The discussion of “faith” and “risk” in your comment is confused, in my opinion. Obviously I don’t mean “playing the odds” when I say risk. If you need to collapse Zizek into this reified category of “utilitarianism,” be my guest — I am not one to deny anyone their compulsive jouissance. Yet I think it’s fairly clear to most people reading this thread that your highly reified notions of ethical categories, of Kierkegaard, of Lenin and Stalin, etc., are not helping you to provide a compelling account of what Zizek is doing in On Belief.
You’re skipping dozens of necessary steps, because of the little shortcuts you keep in your back pocket. If your critique is that Zizek (a) doesn’t say what a textbook would say about Kierkegaard but (b) if we substitute that textbook definition in, we end up with a textbook definition of Stalinism — well, you’re probably right. It remains difficult for me to take such an argument seriously as a critique, however.
Thursday, September 20, 2007 at 8:07 pm
“No, for Zizek, Stalin is sure he has a direct line to “historical necessity.””
Adam, not to get all meta-rhetorical again, but I don’t think you are approaching the question in way that makes much sense. You are taking me as attempting to close down the question in a close-minded way. But what am I really doing. I am saying: ok, this Zizek stuff is pretty elliptical and if we sharpen it up - even to a moderate degree - we get stuff that certainly appears to be conspicuously nonsensical. Now YOU say: yes, but here’s what we need to do to make sense of it after all.
Except that’s NOT what you actually say.
What you actually do is dismiss my points, unconsidered, with a gesture, (falsely) accusing me of dismissing Zizek with a gesture. Whereas, in fact, I am done the only thing that seems to me serious: take an elliptical, gestural presentation by Zizek and sharpen it up, to see what it looks like. I say it looks bad. You say: it’s your fault for sharpening it up. But that’s an inappropriate come-back: if there is some other way of sharpening it up, which makes it look less bad, then YOU sharpen it up. But don’t complain about what I did either way, because I did you a favor either way. If I’m right, I’m right. If I’m wrong, I provoked you to say what is wrong with a perfectly straightforward way of reading Zizek, i.e. one that proceeds on the assumption that his Kierkegaardianism resembles the philosophy propounded by Kierkegaard, and that his Leninism bears a family resemblance to the philosophy of Lenin.

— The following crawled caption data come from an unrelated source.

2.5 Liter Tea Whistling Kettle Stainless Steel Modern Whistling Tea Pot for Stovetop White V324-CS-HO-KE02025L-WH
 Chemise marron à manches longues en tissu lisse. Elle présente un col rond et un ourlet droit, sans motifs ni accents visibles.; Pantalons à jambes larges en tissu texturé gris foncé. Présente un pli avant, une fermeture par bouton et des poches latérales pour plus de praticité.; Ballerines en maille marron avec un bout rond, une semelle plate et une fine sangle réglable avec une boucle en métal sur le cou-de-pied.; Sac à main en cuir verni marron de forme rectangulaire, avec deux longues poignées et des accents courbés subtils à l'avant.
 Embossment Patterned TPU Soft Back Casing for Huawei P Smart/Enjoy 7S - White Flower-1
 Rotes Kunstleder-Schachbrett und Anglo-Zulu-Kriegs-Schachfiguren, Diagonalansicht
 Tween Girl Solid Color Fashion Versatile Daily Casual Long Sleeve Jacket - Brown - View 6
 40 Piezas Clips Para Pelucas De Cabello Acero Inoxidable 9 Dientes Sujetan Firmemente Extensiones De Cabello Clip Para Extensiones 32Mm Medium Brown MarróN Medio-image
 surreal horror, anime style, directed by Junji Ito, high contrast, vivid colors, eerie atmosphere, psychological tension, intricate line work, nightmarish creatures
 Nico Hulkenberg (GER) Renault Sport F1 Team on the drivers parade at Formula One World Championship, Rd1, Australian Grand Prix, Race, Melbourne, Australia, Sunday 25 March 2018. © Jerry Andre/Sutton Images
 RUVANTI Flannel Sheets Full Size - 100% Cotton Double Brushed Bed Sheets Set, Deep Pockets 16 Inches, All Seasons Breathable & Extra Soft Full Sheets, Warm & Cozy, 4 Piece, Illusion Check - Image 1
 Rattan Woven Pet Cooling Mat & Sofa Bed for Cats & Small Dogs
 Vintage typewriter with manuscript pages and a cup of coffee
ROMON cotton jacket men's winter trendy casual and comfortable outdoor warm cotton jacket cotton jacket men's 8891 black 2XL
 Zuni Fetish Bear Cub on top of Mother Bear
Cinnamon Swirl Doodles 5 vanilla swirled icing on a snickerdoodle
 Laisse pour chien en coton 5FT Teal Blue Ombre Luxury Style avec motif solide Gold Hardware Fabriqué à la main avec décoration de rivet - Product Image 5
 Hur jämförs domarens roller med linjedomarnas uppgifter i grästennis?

I’m not skipping any steps. I’m making an objection, and giving my reasons. This is a completely normal thing to do, in philosophy. (My statement of the objection is compressed of course. This is a comment box. So you ask me for clarification of the steps you think are being left out. And I provide clarification. Would you regard the following as a remotely serious response: in defending Zizek “You’re skipping dozens of necessary steps, because of the little shortcuts you keep in your back pocket.” Therefore, your defense of Zizek is fundamentally irresponsible. It merely gives lazy comfort to those who want to think well of Zizek, and don’t want to bother their heads about awkward criticisms. No. That would be a grossly irresponsible thing for me to fling in your face. It would flagrantly sidestep the actual substance of Zizek’s philosophy. How is it not irresponsible for you to fling this very thing in my face, then? It seems to me you are avoiding the issue of whether what Zizek says makes any sense.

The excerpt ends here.